In Dreams (1999) dir. Neil Jordan
Annette Bening is Claire, an artist who lives with her daughter and pilot husband in a town built next to one that was drowned to create a reservoir. The town is on high alert after a young girl goes missing, suspecting a killer at loose. When Claire has visions of a girl being murdered, she goes to the police to offer any assistance, but they laugh her away. When Claire’s own daughter is kidnapped and murdered by the killer, she realizes her visions aren’t of the past but of the future, and that what she is seeing in her mind is something more entangled than mere psychic visions – she shares a spiritual bond with the killer that allows the two to experience each other’s memories and actions. As her visions intensify, Claire finds it tough to tell her reality apart from the killer’s, to tell her dreaming mind’s digestion of the visions apart from reality, and her mind unravels. This film is brutal for how Jordan mercilessly and deftly blends reality with dream, leaving us feeling as disoriented and upset as Claire is; often what we begin to believe is a dream turns out to be fact, and vice versa. As with Jacob’s Ladder, it’s tough to take an objective stance when watching In Dreams, it’s tough to not abandon our hold of reality. This sense of having lost a steady, knowing grip on matters is deliciously augmented by Bening’s jarring performance – Claire is strangely straightforward, abrupt in her mannerisms, too ready to believe in the illusion, the nightmare.
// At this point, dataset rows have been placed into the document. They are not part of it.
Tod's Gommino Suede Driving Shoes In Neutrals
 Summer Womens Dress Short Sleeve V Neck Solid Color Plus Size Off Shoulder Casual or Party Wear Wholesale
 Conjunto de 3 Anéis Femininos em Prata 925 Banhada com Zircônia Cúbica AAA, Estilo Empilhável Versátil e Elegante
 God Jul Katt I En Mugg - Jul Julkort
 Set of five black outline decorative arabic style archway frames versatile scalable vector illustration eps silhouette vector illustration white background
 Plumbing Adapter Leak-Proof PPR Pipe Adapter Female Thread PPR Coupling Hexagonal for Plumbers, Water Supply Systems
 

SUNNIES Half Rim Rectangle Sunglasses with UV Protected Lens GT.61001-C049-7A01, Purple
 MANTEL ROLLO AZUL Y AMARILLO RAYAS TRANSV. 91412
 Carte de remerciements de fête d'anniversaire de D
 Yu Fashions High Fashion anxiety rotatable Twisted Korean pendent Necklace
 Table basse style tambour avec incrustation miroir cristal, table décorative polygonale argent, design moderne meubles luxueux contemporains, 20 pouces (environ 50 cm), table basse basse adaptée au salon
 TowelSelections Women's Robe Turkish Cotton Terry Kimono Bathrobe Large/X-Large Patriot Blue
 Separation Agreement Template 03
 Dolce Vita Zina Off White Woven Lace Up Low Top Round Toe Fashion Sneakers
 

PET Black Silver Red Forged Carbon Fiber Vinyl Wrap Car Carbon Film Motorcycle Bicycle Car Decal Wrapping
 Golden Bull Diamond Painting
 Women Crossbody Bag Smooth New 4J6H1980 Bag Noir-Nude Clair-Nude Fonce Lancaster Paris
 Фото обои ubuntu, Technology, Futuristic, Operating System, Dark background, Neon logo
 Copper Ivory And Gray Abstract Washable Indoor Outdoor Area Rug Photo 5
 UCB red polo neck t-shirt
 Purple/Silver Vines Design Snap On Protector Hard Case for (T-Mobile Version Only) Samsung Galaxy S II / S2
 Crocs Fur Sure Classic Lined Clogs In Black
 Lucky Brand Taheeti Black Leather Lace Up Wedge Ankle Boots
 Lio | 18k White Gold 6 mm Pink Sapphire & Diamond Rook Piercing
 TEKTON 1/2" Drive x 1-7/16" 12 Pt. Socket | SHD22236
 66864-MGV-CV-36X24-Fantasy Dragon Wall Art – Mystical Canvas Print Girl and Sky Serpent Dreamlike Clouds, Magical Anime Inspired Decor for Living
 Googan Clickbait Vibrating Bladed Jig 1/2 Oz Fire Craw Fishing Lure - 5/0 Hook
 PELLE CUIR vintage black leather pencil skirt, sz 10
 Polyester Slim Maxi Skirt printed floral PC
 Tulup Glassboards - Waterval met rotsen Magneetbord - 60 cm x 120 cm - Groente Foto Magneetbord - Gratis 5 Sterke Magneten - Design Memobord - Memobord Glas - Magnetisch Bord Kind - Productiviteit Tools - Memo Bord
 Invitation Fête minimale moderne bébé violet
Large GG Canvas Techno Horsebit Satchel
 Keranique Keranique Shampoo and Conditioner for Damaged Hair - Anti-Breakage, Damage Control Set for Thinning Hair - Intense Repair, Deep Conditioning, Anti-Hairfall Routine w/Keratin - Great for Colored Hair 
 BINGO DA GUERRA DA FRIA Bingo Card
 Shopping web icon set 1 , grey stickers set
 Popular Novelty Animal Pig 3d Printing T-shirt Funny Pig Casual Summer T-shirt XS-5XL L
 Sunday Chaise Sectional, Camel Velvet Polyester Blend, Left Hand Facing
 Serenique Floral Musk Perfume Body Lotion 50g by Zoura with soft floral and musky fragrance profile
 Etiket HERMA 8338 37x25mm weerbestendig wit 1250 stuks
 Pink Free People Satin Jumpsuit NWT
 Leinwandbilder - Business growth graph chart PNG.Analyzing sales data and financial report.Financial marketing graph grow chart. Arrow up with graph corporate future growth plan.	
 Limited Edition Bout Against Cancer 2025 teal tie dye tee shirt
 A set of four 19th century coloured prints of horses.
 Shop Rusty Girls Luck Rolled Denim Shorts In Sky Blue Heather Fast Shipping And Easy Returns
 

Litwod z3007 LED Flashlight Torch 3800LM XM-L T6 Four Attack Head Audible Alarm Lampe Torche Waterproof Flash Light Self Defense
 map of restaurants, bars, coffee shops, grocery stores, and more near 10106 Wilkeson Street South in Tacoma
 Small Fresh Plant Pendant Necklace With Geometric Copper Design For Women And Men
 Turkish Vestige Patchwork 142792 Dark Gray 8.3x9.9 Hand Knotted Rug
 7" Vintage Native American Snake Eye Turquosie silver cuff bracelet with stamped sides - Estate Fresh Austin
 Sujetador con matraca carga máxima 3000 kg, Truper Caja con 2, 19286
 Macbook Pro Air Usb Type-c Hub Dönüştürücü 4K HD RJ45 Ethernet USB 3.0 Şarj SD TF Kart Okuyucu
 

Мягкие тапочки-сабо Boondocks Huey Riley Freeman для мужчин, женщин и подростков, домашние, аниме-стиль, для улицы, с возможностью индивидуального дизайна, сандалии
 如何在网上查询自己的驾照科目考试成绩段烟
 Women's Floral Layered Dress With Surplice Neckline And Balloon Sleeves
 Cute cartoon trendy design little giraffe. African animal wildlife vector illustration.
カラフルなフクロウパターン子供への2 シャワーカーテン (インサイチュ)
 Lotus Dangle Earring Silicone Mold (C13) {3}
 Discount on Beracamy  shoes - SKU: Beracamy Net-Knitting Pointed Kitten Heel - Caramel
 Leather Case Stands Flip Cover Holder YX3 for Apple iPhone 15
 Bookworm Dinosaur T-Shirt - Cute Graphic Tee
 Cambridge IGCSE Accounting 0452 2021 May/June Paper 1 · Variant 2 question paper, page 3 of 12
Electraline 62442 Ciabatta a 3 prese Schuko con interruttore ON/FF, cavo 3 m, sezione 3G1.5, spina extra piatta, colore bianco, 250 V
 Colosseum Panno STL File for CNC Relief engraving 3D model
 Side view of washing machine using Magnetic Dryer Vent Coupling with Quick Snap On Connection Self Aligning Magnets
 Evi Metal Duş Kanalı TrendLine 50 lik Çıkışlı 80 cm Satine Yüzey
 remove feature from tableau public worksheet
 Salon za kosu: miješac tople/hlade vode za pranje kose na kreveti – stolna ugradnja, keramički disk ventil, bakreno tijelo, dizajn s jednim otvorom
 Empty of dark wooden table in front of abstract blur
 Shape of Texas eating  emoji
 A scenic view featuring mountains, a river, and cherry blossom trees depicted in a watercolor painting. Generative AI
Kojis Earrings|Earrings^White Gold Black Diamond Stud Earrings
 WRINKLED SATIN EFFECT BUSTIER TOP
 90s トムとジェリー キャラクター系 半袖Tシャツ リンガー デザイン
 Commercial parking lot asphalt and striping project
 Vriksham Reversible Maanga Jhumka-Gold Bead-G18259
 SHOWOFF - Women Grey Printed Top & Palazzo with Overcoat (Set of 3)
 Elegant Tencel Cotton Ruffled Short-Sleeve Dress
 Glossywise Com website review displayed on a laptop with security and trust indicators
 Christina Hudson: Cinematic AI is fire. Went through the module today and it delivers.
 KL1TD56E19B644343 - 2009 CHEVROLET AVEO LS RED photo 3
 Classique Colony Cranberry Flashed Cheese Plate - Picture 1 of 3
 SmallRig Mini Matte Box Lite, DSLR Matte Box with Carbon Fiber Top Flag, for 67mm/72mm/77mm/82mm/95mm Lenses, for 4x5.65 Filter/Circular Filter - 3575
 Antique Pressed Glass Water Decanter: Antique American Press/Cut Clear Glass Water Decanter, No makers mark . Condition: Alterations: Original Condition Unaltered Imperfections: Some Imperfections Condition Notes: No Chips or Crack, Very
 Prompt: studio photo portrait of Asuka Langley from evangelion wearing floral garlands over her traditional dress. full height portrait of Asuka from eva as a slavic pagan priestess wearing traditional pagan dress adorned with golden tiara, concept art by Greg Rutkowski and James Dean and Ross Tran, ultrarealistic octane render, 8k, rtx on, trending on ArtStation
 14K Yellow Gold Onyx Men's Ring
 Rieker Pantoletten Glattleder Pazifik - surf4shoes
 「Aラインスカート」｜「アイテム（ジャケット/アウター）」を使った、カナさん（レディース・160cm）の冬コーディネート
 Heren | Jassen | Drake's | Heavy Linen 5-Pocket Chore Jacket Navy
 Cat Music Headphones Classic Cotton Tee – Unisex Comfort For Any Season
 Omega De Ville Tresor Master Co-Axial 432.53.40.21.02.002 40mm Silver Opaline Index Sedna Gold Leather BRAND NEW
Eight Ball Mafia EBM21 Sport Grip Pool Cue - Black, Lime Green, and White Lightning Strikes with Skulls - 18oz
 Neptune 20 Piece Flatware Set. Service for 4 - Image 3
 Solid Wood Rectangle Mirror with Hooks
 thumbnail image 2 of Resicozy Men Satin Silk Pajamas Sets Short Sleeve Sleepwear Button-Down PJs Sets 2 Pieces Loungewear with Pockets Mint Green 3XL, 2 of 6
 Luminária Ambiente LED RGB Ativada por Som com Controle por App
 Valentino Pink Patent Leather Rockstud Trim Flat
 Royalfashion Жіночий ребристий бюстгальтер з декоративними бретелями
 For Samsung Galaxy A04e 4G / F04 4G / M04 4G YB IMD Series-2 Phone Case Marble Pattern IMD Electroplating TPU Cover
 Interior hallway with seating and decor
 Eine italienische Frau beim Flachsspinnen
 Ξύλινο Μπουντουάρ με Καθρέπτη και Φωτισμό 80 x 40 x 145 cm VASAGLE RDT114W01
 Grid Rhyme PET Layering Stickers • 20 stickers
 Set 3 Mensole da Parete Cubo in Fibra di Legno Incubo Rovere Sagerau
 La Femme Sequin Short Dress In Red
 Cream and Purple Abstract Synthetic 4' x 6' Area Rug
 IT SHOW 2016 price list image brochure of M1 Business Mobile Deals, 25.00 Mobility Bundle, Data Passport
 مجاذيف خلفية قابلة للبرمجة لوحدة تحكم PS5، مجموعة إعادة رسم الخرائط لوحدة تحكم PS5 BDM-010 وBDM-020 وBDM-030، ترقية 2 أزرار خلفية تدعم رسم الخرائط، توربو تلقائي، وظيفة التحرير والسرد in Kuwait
The Cell (2000) dir. Tarsem Singh
Singh’s The Cell shares plot points with In Dreams. A menacing and sadistic serial killer is on the loose across a few states, warranting the involvement of the FBI. The killer is apprehended very early on in the film, but falls into a coma at the moment of his arrest. One of his victims is still trapped somewhere and the FBI brings in child psychologist Catherine (Jennifer Lopez) to tap into the killer’s dreams and ascertain the location of his victim before it’s too late. The story is nothing to write home about, and Lopez’s performance is grating at best, her character a saccharine shade of the Madonna, of motherhood personified. What is marvellous about this film is its visual vocabulary and its dream (or nightmare) logic. As Catherine moves through the killer’s psyche, she learns about his past and his present in circuitous and terrifying turns, at the confusing and abrupt pace that dreams take. I truly haven’t been able to stop thinking about The Cell for its near Lynchian understanding of dream logic, for its images seem to have seared themselves onto my mind’s eye. This film, like all our most damning nightmares, is beautifully horrifying.